Pytorch is slower on V100 than on T4

Hi, I am running experiments on AWS g4dn.metal (has 8 T4 GPUs) instance and p3.16xlarge (has 8 V100 GPUs).

I use same OS (ubuntu 18), same conda environment (python 3.7, pytorch 1.10, cudatookit 11.0). I got wierd problems:

When I run network A (it has conv and FC layers), T4 is as more than 2 times fast as V100. When I run network B (it has conv, FC and attention module). V100 is as about 2 times fast as T4. The network B has much more params than the network A (about 1.5 times params).

Why does this happen? I think V100 should always faster than T4. I tried torch.backends.cudnn.benchmark torch.backends.cudnn.enabled flags to get faster on V100, but no luck. Can anyone help me? Thank you.

Could you share more details such as the benchmark code you are running?

However, I’m not sure there are any guarantees that V100 will outperform T4 on all benchmarks, considering that they are of similar compute capability (7.0 and 7.5 respectively) and T4 potentially has higher boost clocks than V100 on paper.
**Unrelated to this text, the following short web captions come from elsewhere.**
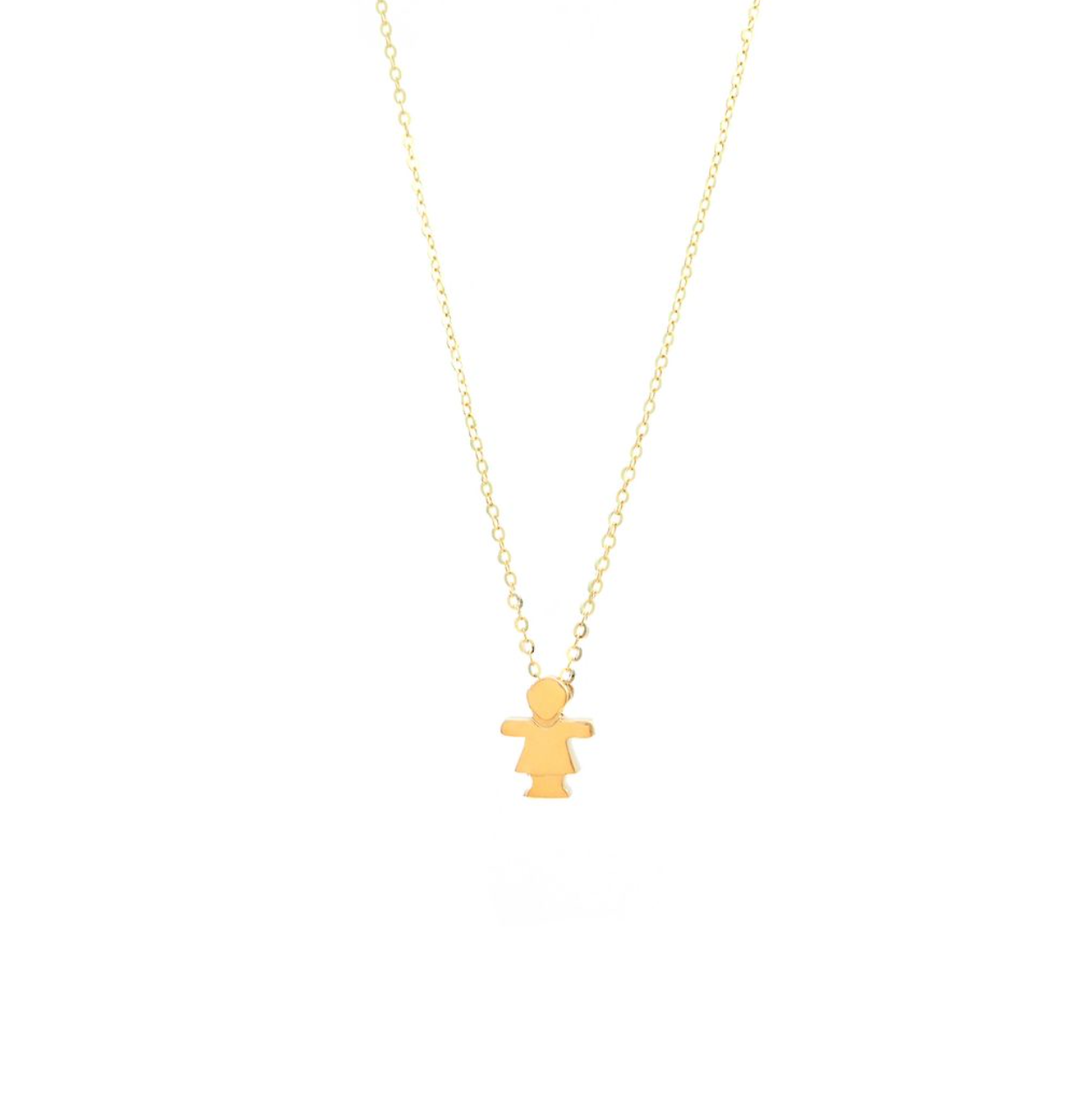 Girl Pendant With Chain 16+2" - 14k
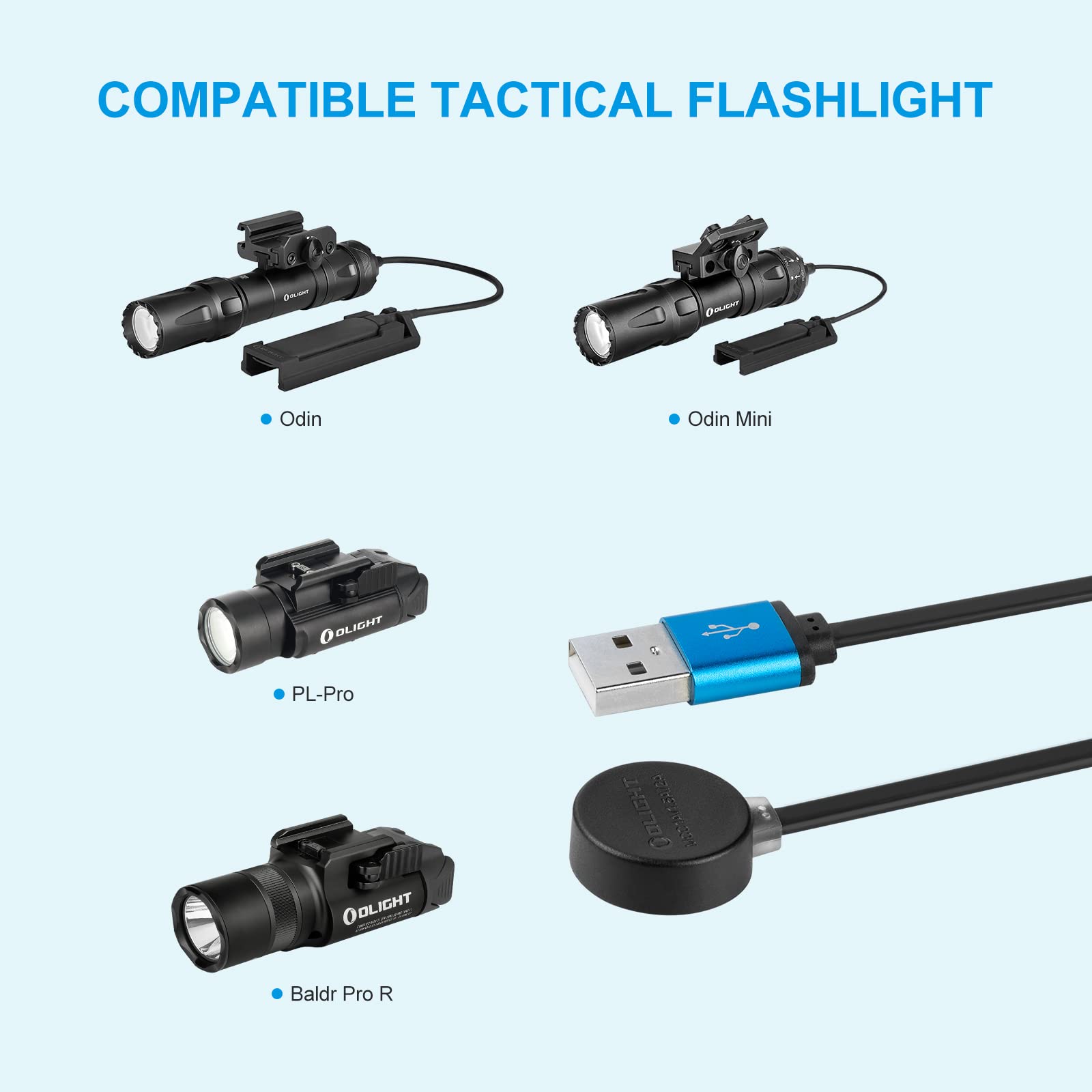 OLIGHT MCC 3 Charger in Black Upgraded Smart Magnetic Charging Cable Only Suitable for Odin/OdinMini/OdinS/PL-Mini3/PL-Pro/Baton3 Series/Warrior Mini2/Perun2/Seeker3pro/Warrior 3s/Baldr Pro R/Arkfeld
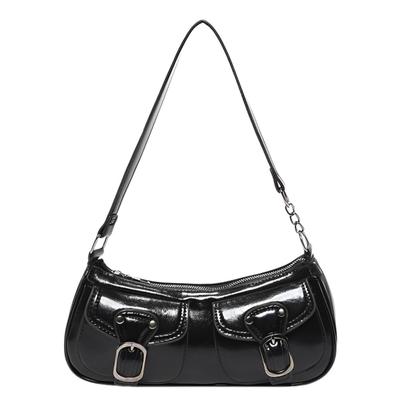 Harujio Half Moon Bag, Hobo Bag, Horizontal Bag, Shoulder Bag, Women's, Round Shoulder Bag, Small Mini Handbag, Crescent Moon, Black, White, Brown,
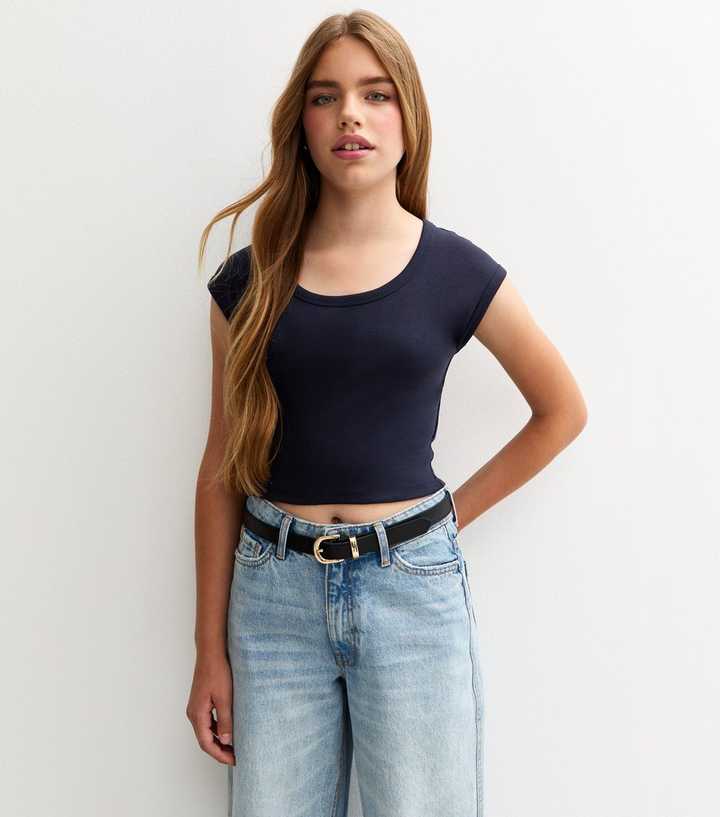 Girls Navy Scoop Neck Ribbed T-Shirt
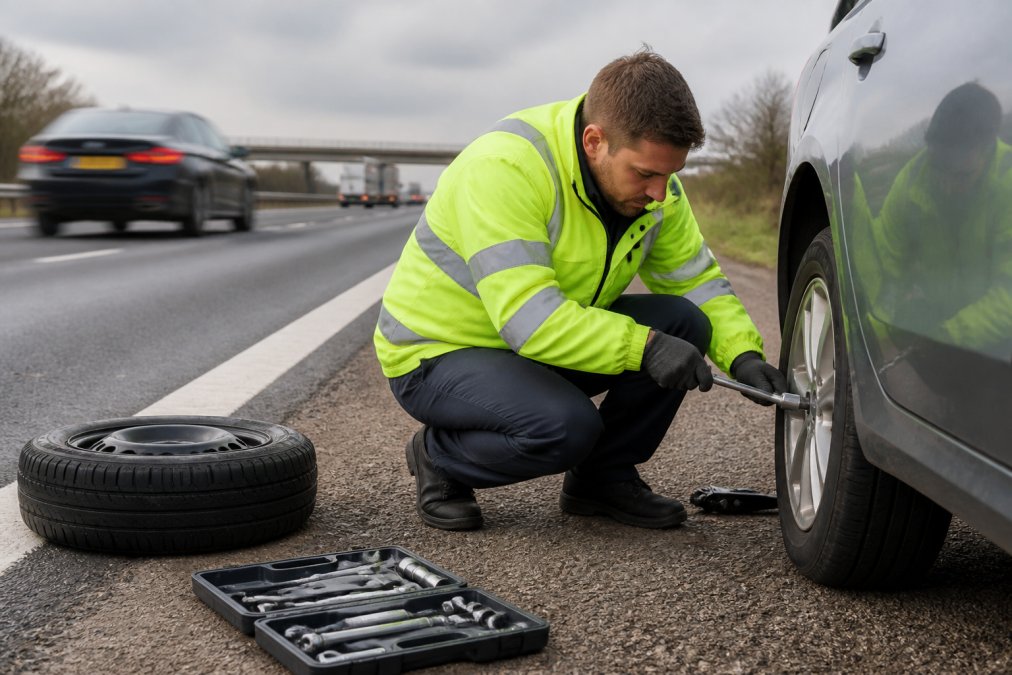 How to Change a Flat Tyre on the Motorway Safely A driver in a high-visibility jacket crouching beside a car on a motorway hard shoulder, loosening wheel nuts with a lug wrench while traffic passes in the background, overcast daylight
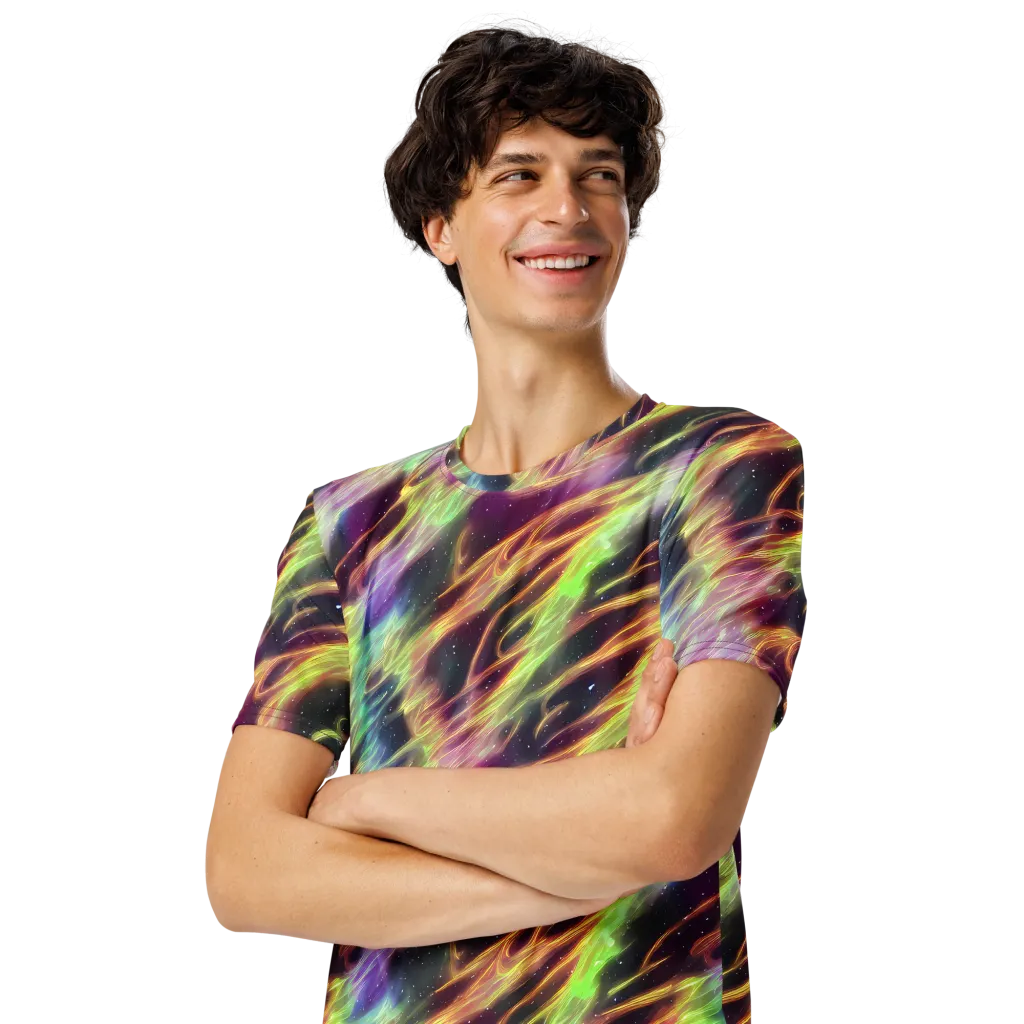 Supernova Silk on Men's Crew Neck T-Shirt — Left Front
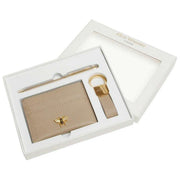 Alice Wheeler London Bow Card Hållare Nyckelring och Pen Lyx Present Set - Stone Beige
The latter point could be relevant if e.g., your workload is not fully saturating the compute/memory bandwidth of the GPUs. The intuition is that V100 is a “wider” GPU than T4, but if your workload is small, there might not be enough parallelism to sufficiently leverage the hardware.

Thanks for reply.

It is hard for me to share all the codes, but I can give a brief intro here. I have audio and video input.

For audio input, I use a CNN subnetwork. In this subnetwork, there are 4 cnn blocks. In each block, it is a Conv2d layer, a batchnorm layer, RELU activation function and a maxpool layer.

For video input, I also use a CNN subnetwork. In this subnetwork, there are 4 cnn blocks, too. In each block, it is a Conv3d layer, a batchnorm layer, RELU, and a maxpool layer.

The outputs from these two subnetworks were concatenated and sent to 2 FC layers. That’s it.

BTW, I am using parallel model following:
nn.DataParallel(model).to(device)

I also check the nvidia-smi. It shows 8 GPUS has workload periodically – It has GPU-util about 10-20% then turns to 0, after a while it goes to 10-20% … in such a cycle. For both T4 and V100 it has the same fashion. But the T4 is much faster (about half running time).

If the GPU utilization is so low, have you looked into removing other potential bottlenecks during your benchmarking (e.g., dataloading by using random tensors)?

Otherwise it would suggest that your model is not large/wide enough to full utilize the GPU.

Thanks… but why is the T4 so fast? about 1.5x or 2x times of the V100

It would be difficult to say for sure without knowing the exact workload including e.g., the shapes. But from a high level, both GPU architectures are from roughly the same period and manufactured on TSMC 12nm—so when the workload is not large enough to fully utilize the parallelism available, it may just come down to clock rate, and the T4 has a significantly higher clock rate than V100.

As a contrived example of something that doesn’t have enough parallelism, consider a trivial workload that just adds two scalar values; would it be expected that the V100 is faster than T4 in this case?